Der Endspurt für den Zweiten beginnt am Freitagabend beim Bergischen HC II, der auf Rang 13 mit 12:28 Punkten den zweitheißesten Stuhl im Keller der Tabelle besetzt. Obwohl es ohne Absteiger aus der 3. Liga in die Regionalliga nur einen Absteiger von dort in die Oberliga Niederrhein gibt, müssen die Solinger immer noch einen Blick in den Rückspiegel in ihr Programm einbauen. Sieben Punkte Vorsprung auf die Neusser sollten nach menschlichem Ermessen reichen und der BHC dürfte auch in der Lage sein, den Klassenerhalt aus eigener Kraft zu schaffen. Besonders wertvoll im neuen Kalenderjahr: Die Mannschaft von Trainer Mirko Bernau konnte in Neuss mit 34:24 gewinnen und mit 36:31 gegen den theoretisch ebenfalls noch gefährdeten MTV Rheinwacht Dinslaken (Elfter/14:26). Der TVK wird, vermutlich zusätzlich gewarnt durch den Beinahe-Absturz der Ratinger, gut daran tun, die bevorstehende Aufgabe nicht auf die leichte Schulter zu nehmen. Zusätzlicher Anreiz für den Zweiten: Gewinnt er beim BHC II, übernimmt er zumindest für knapp 24 Stunden die Tabellenspitze.
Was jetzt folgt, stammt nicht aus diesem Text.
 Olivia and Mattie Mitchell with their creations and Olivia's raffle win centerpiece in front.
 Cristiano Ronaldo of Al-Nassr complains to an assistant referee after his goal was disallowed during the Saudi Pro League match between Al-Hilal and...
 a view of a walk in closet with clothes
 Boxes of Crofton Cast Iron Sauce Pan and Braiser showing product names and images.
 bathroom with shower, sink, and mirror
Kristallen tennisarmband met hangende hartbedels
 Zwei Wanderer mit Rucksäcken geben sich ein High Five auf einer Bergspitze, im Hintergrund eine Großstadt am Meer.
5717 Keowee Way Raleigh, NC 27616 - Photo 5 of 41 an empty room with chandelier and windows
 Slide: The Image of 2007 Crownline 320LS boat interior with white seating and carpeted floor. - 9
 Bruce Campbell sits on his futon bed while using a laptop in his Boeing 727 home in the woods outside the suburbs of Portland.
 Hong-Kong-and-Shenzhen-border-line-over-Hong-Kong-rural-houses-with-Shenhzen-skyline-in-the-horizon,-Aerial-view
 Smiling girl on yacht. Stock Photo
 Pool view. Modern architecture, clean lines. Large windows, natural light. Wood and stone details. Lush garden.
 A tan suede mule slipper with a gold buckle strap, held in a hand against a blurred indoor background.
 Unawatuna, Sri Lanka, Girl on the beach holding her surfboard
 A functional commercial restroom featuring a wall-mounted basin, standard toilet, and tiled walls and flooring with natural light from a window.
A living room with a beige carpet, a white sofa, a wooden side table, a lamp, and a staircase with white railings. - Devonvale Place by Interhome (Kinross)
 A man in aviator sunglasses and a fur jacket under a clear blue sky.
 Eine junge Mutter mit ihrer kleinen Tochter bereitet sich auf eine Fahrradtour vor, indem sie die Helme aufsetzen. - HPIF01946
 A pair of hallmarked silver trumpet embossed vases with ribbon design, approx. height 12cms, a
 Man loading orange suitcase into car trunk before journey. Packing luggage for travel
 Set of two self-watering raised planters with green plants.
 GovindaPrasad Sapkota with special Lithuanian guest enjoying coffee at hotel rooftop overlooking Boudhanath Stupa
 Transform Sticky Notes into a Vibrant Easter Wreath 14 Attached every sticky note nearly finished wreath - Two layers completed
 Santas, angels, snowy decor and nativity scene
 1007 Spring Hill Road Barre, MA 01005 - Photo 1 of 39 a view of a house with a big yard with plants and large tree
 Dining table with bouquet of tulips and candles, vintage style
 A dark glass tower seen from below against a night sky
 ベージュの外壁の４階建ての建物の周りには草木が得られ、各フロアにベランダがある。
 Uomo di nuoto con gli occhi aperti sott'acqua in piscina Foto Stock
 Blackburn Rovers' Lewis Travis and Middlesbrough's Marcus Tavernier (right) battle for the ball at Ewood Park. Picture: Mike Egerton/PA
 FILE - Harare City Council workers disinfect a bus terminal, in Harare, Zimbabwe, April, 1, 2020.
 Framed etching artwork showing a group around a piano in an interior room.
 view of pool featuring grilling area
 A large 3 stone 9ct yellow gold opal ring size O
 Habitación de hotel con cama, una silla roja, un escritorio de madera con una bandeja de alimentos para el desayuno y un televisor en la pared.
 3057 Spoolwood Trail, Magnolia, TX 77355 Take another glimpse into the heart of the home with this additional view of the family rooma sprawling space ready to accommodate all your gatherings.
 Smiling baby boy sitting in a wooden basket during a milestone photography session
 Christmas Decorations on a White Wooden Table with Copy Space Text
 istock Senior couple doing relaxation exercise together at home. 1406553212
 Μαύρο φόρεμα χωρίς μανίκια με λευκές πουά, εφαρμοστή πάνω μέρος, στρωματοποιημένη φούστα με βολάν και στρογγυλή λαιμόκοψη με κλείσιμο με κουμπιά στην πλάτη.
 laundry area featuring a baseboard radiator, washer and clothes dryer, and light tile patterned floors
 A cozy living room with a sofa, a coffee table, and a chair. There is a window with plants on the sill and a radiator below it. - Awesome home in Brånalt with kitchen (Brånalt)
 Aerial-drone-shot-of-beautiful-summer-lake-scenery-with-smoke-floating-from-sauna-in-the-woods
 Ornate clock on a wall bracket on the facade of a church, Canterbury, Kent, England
Gleichzeitig dürften alle am Handball interessierten Korschenbroicher darauf hoffen, dass Interaktiv in einem seiner letzten sechs Spiele tatsächlich erneut Federn lässt. Zumindest in der Theorie scheint nun direkt die nächste Aufgabe die schwierigste zu sein, weil der Spitzenreiter beim Dritten HC Gelpe/Strombach (25:15) antreten muss – dessen Saisonverlauf manchmal einer Berg- und Talfahrt ähnelt. Trotzdem könnten sie im Oberbergischen in irgendeiner Form beinahe zum Meistermacher werden, weil sie am Samstag erst Interaktiv erwarten und dann vier Wochen später am 22. April die Korschenbroicher. In der Hinrunde war das Team von Trainer Markus Murfuni gegen die führenden Kräfte der Regionalliga jeweils chancenlos – 30:42 in Ratingen, 30:37 in Korschenbroich. Das jüngste 20:24 des HC Gelpe/Strombach beim Aufsteiger HSG Refrath/Hand dürfte eher kein Maßstab für die Chancen gegen Interaktiv sein. Fehler in ähnlicher Zahl wird Murfunis Mannschaft wohl keine zwei Mal hintereinander machen. Dass sich die Ratinger nicht direkt wieder so fahrlässig an den Rand einer Niederlage manövrieren lassen, gilt aber ebenfalls als sehr wahrscheinlich.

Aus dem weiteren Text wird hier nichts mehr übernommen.